Considering that each service is hosted on an isolated process if a service faces a bottleneck problem and needs a lot of resources, it is possible to move it to other machines and servers without any impact on the performance of the service or other services.

When more users use an application feature, that service can scale by distributing it to servers with more processing power or by using cache without affecting other services. Another advantage is that scaling at the level load native and containers provides ease of maintenance of application code.

As a result, the time needed to deliver new versions and costs is reduced.

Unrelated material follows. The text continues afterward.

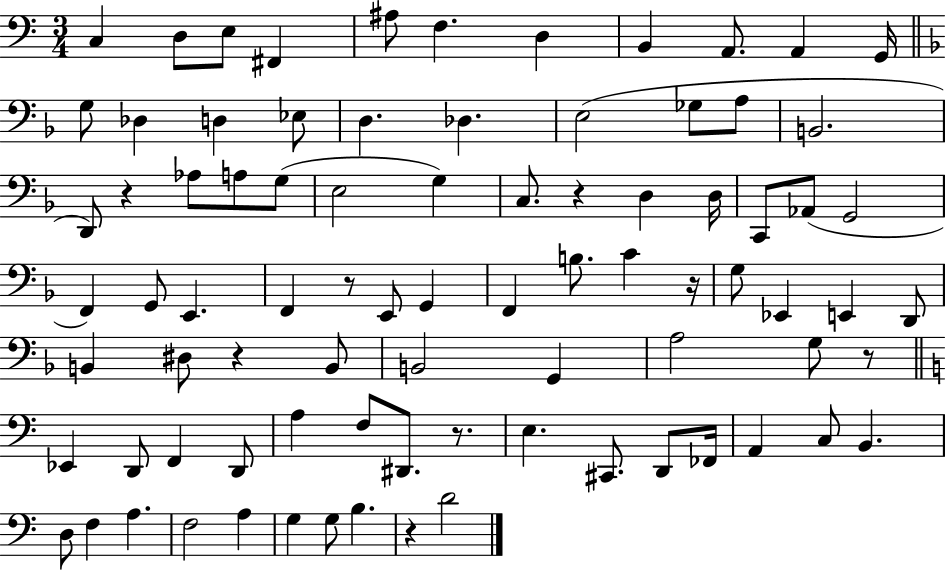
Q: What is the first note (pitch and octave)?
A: C3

In addition, code reusability is increased because a feature is hosted as a service, and multiple services can use the same feature instead of re-implementing the code each time. Service-oriented architecture offers the possibility of using a wide range of technologies to meet needs.

For example, R or Python are software data analysis packages that can be distributed and hosted separately. At the same time, C# can implement services, while NodeJS can use on the server side, and AngularJs and ReactJs can use to implement the user interface.

Scaling is the opposite of monolith architecture. It is possible to scale an application based on a monolithic architecture, but in most cases, it is cheaper to scale a system based on a microservices architecture. Microservices allow you to use cloud resources more efficiently and pay less monthly for the services you need. You only need to mount the microservice that receives a lot of loads and spread the traffic across virtual machines in the cloud.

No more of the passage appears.